By Philip Alexander
Through microfinance, Muhammad Yunus has turned conventional banking wisdom on its head. Lending to the poor has become a powerful tool for social and economic change.Through microfinance, Muhammad Yunus has turned conventional banking wisdom on its head. Lending to the poor has become a powerful tool for social and economic change.
Sending money to those too poor to have assets as collateral was not a new concept in the 1970s. But conventional banking wisdom assumed it to be either a philanthropic activity, or a high-risk one with heavy default rates. Muhammad Yunus turned that received wisdom on its head introducing the concept of microfinance as a self-sustaining business model.
In fact, Grameen itself started out in 1976 with funding from the government, the central bank and state-owned banks, born from a research project by professor Yunus’s team at Chittagong University in Bangladesh. From 1983, the resulting Grameen Bank project became independent, with the state retaining a stake of just 10%, while the rest of the bank is owned by its customers.
Yunus’s philosophy has always gone well beyond the commercial, promoting microfinance as a driver for wider social change in addition to poverty eradication. In this respect, although built partly on traditional village cooperative systems, Grameen has also sought to modernize social structures. In particular, it has pursued greater economic equality for women, who account for 97% of its borrowers, and Yunus enshrined 16 principles for the bank that included discouraging the practice of marriage dowries.
From the ground up
Even though microfinance is beginning to operate on a vast scale, Yunus is keen to remind his enthusiastic audience that it needs to do so from the ground up. In this context, he explained to Emerging Markets earlier this year that basic legal and regulatory systems needed close attention. “Conventional banking law is like the architecture for a supertanker. All we need is an architecture for smaller boats that can go into shallow waters. That is what microcredit is about,” he said.

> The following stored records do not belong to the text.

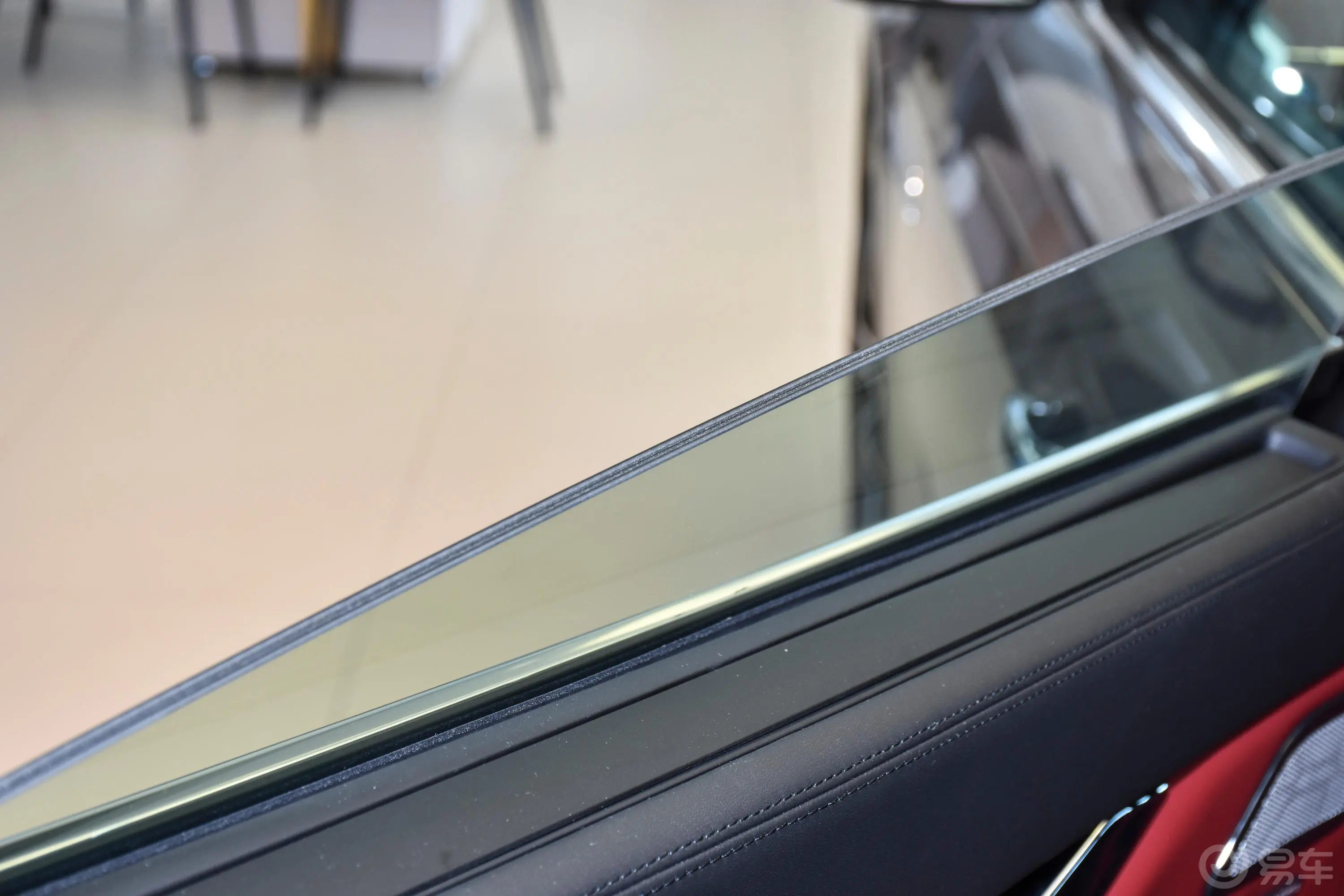 Quattroporte3.0T S Q4 豪华版后排玻璃材质特写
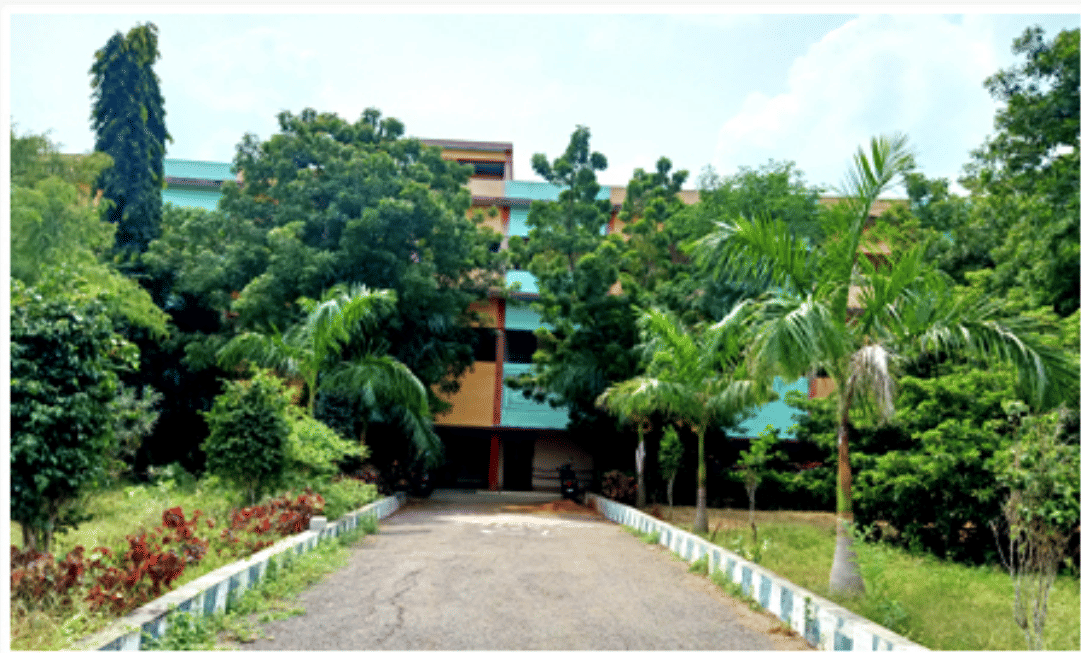 Priyadarshini Institute of Pharmaceutical Education and Research Guntur College Campus photo 2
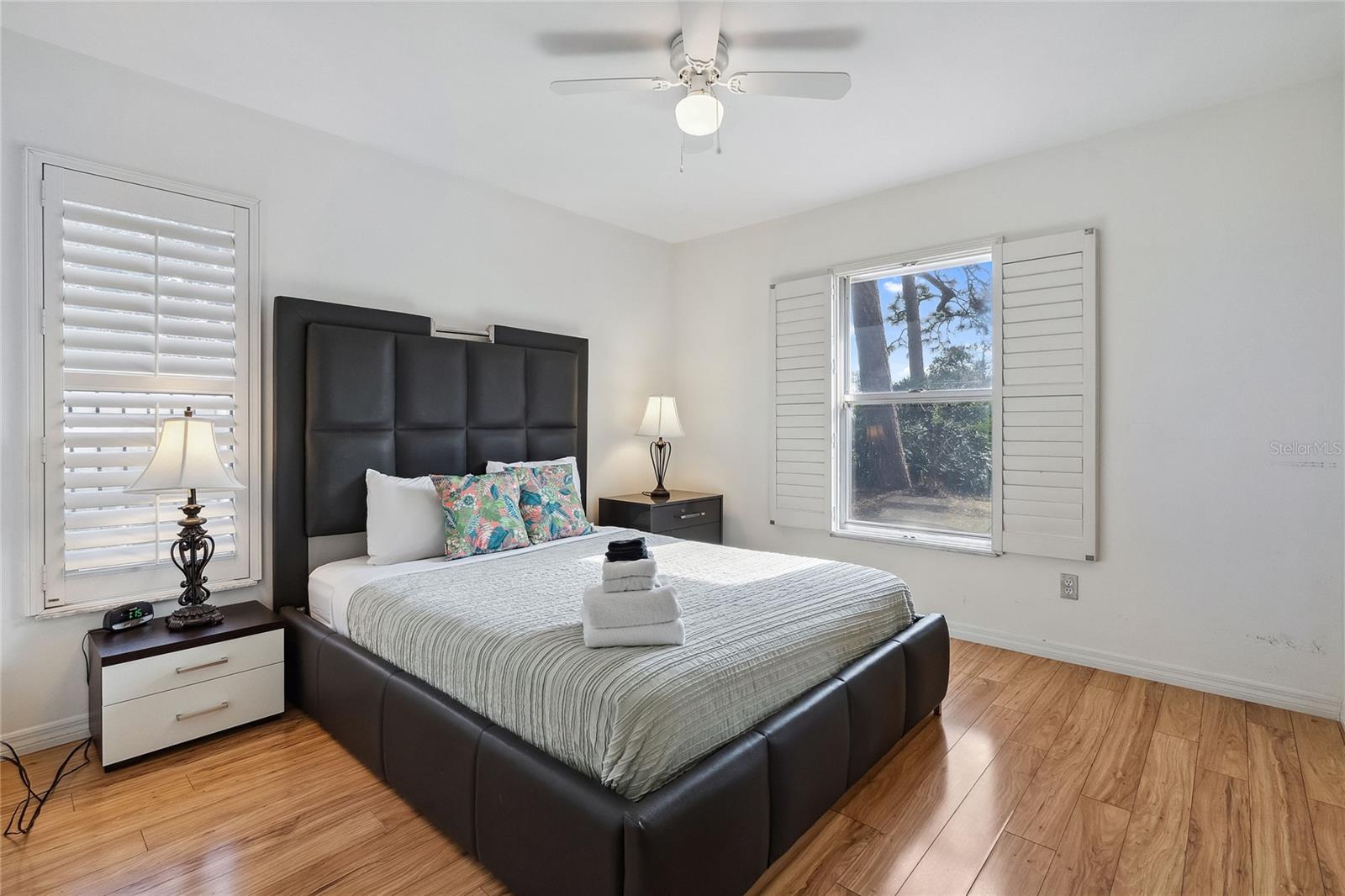 7117 QUEEN PALM CIR, SARASOTA, FL, 34243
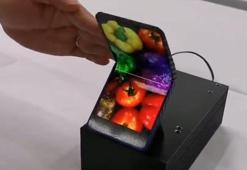 Sharp'tan ekranı dikey katlanan telefon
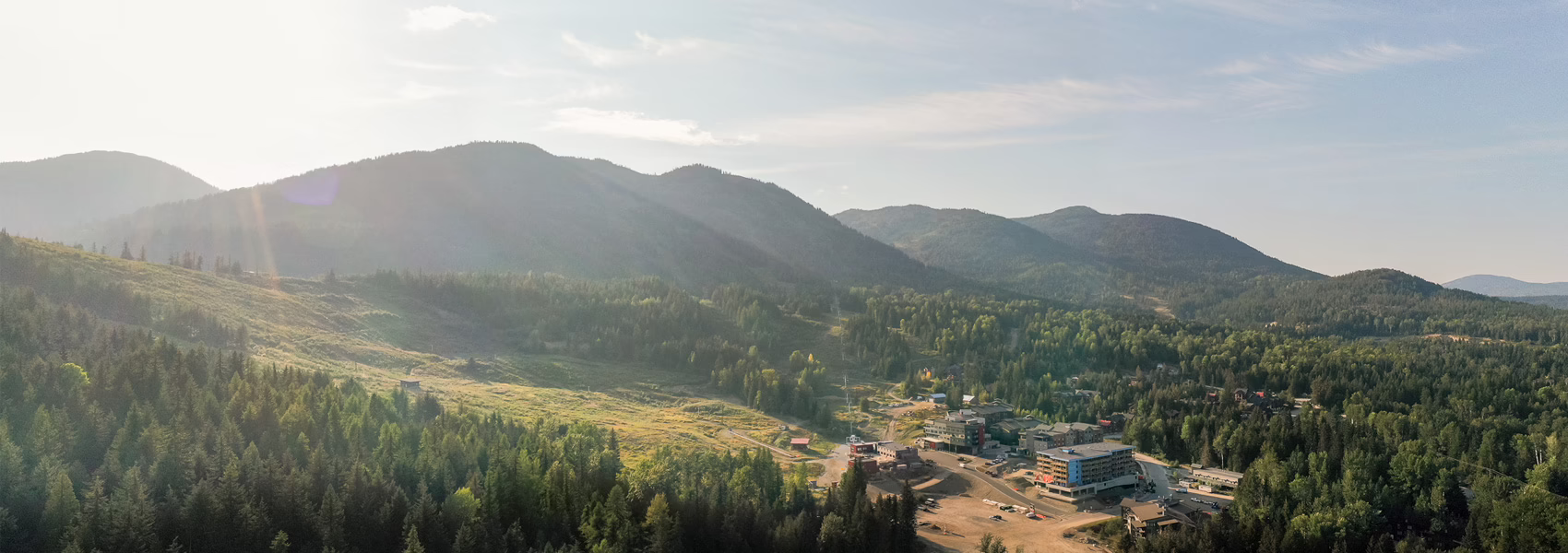 hiking-sightseeing-1700×600-V2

“It’s important to tell governments that they should not get involved in direct lending to micro-cap companies because it is very damaging and undermines the private sector,” says Elizabeth Littlefield, CEO of the Consultative Group to Assist the Poor (CGAP), a microfinance industry organization housed at the World Bank.
Once the message of microfinance as an engine of private sector growth is understood, the potential is vast. Credit ratings agency Standard & Poor’s believes the sector could grow almost 15 times over the next decade, from $17 billion today.
Grameen itself has grown from a loan portfolio of less than $500 in one village in 1976 to one of nearly $500 million in August 2007, covering 5 million customers across almost all of Bangladesh. The value added by enabling micro-enterprise is estimated at between 1% and 2% of the country’s total GDP.
The poor always pay back
Yunus’s motto that “the poor always pay back” has been proven time and again, with Grameen’s overdue loans consistently less than 3% of the total, and charge-offs less than 2%. Such a performance is built on hard work and detailed knowledge of the circumstance of every borrower, says Enrique Ferraro, managing director of Accion Investments, which has stakes in microfinance firms around the world.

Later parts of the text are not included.